Records for this exercise —
===============
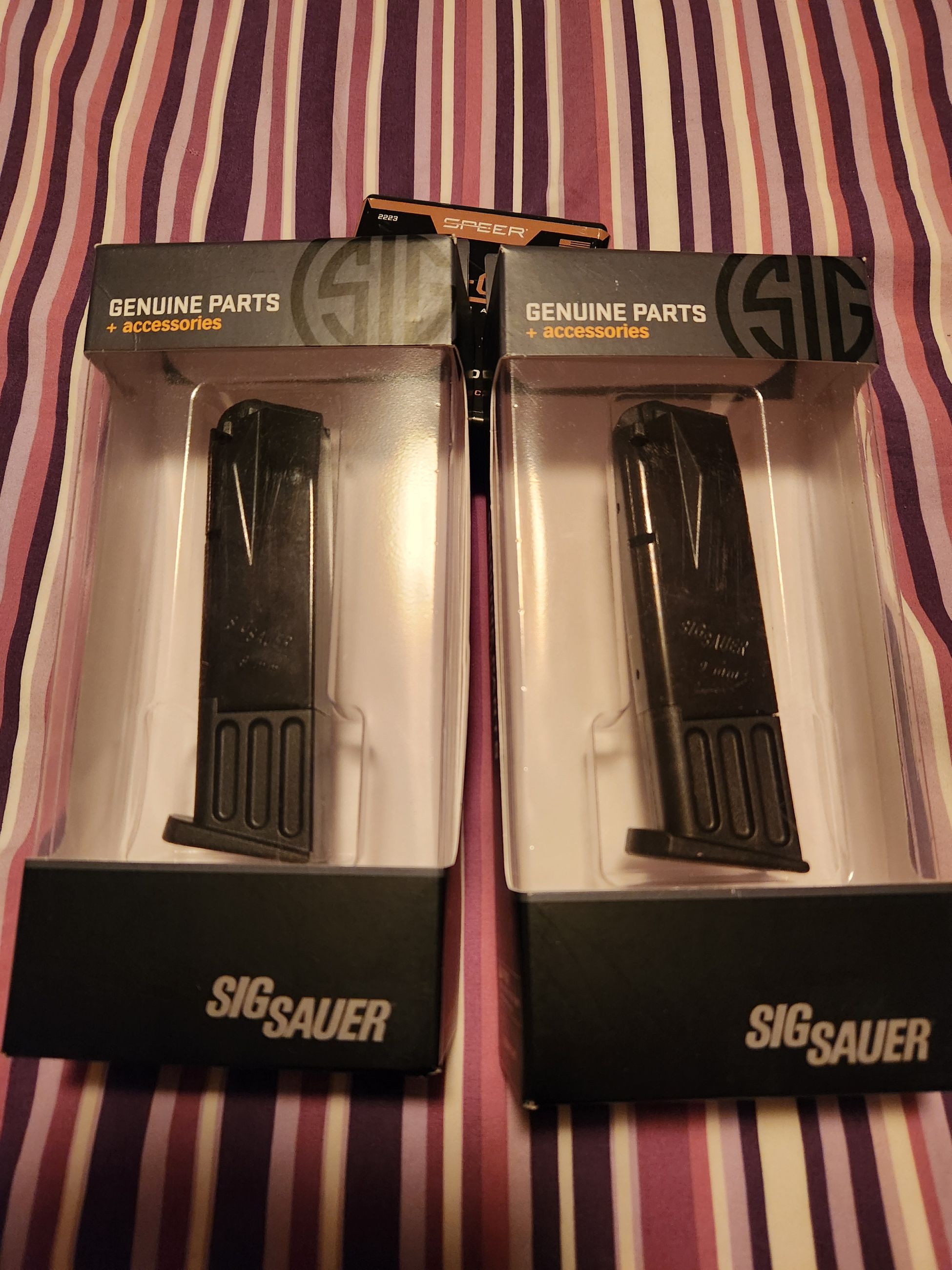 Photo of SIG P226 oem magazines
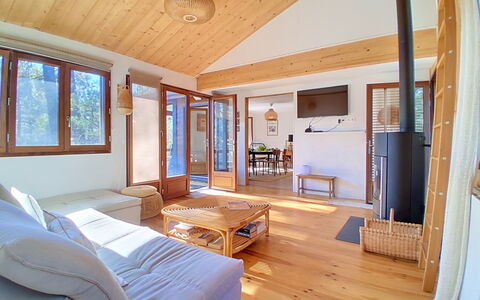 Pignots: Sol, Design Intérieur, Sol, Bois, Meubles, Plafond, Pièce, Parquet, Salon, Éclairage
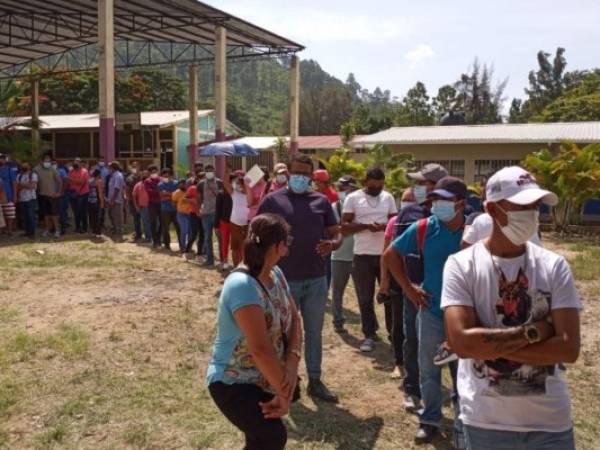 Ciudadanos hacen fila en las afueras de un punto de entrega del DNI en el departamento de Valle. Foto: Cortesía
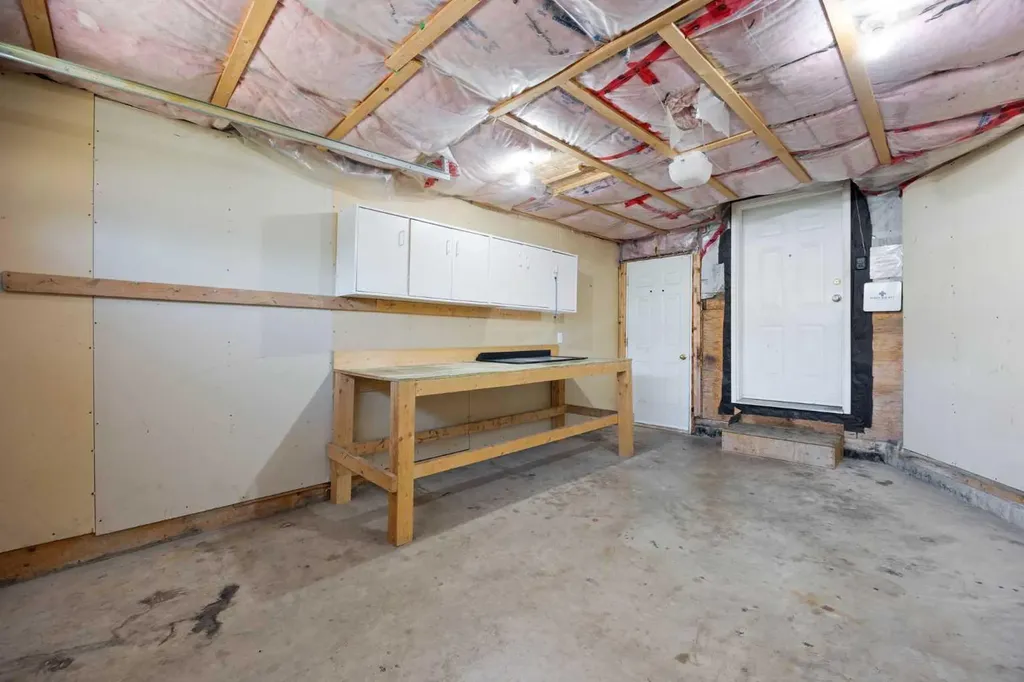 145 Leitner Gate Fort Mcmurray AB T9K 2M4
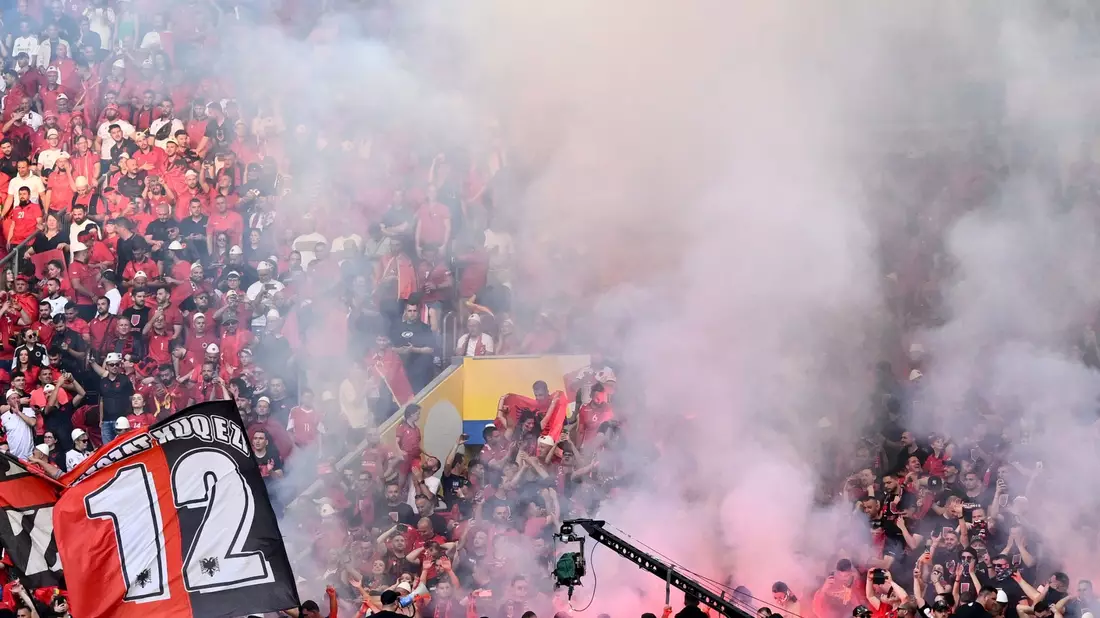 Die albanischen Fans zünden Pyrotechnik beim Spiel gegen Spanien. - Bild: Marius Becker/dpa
===============
Exercise description — We ask that the entries above be copied exactly, with the pictures omitted.

Response to this exercise —
 Photo of SIG P226 oem magazines
 Pignots: Sol, Design Intérieur, Sol, Bois, Meubles, Plafond, Pièce, Parquet, Salon, Éclairage
 Ciudadanos hacen fila en las afueras de un punto de entrega del DNI en el departamento de Valle. Foto: Cortesía
 145 Leitner Gate Fort Mcmurray AB T9K 2M4
 Die albanischen Fans zünden Pyrotechnik beim Spiel gegen Spanien. - Bild: Marius Becker/dpa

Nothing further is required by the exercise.